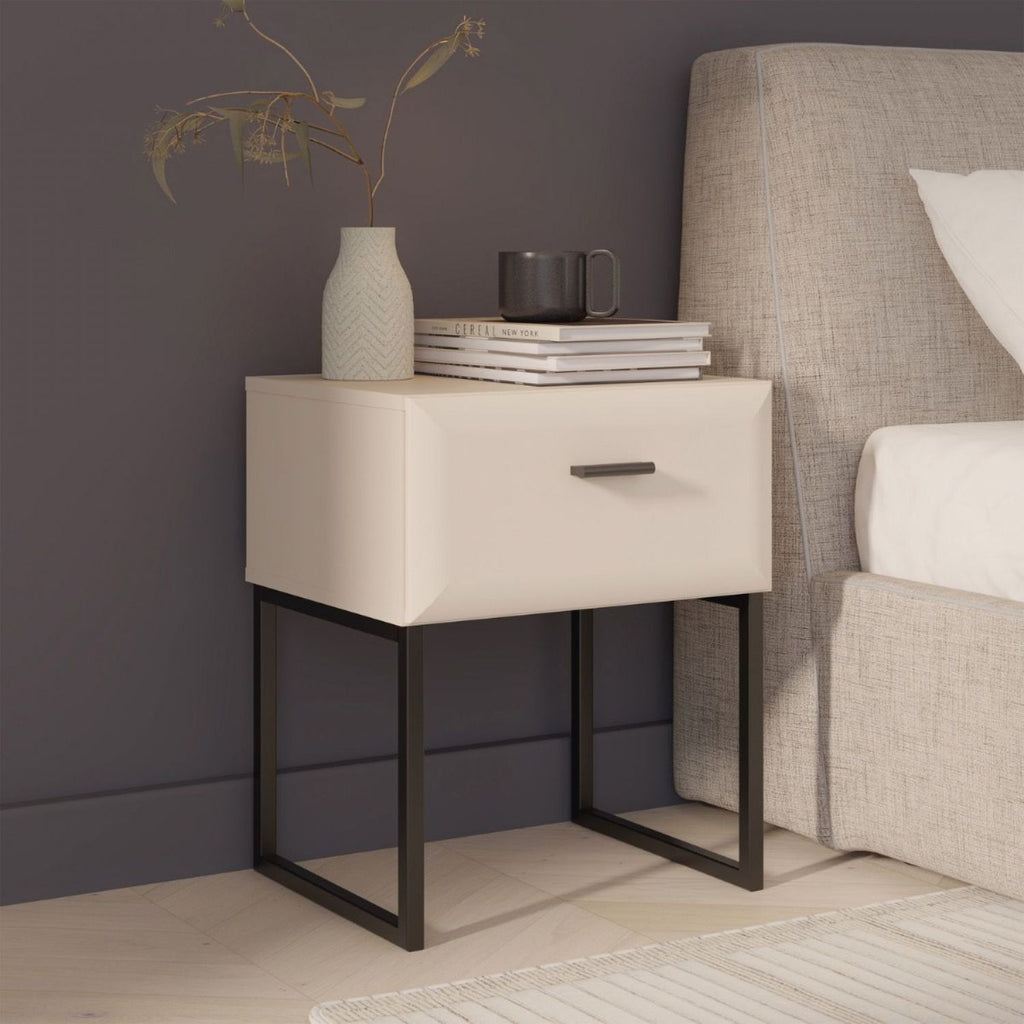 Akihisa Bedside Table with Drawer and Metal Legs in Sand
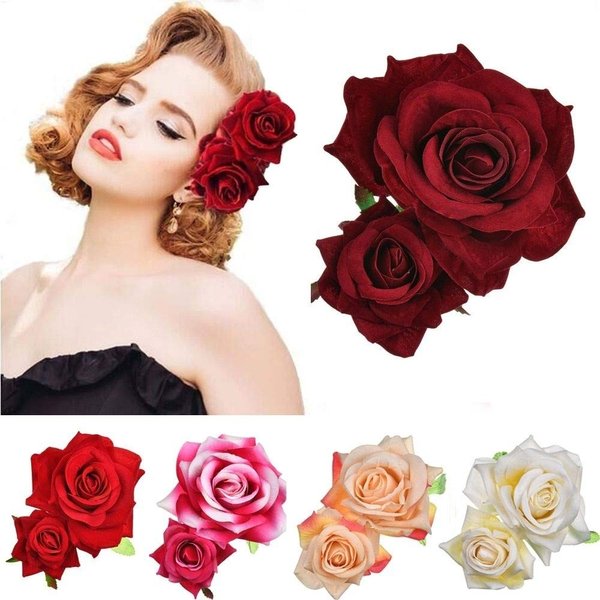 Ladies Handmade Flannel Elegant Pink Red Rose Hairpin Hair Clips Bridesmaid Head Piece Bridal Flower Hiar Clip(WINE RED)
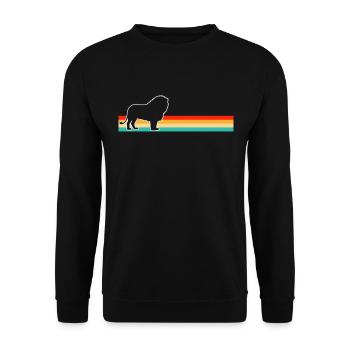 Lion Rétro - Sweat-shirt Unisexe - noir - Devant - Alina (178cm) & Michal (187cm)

### TASK REQUIREMENTS
Where a picture appears, skip it and copy the rest of the data word for word.

### PROBLEM SOLUTION
 Akihisa Bedside Table with Drawer and Metal Legs in Sand
 Ladies Handmade Flannel Elegant Pink Red Rose Hairpin Hair Clips Bridesmaid Head Piece Bridal Flower Hiar Clip(WINE RED)
 Lion Rétro - Sweat-shirt Unisexe - noir - Devant - Alina (178cm) & Michal (187cm)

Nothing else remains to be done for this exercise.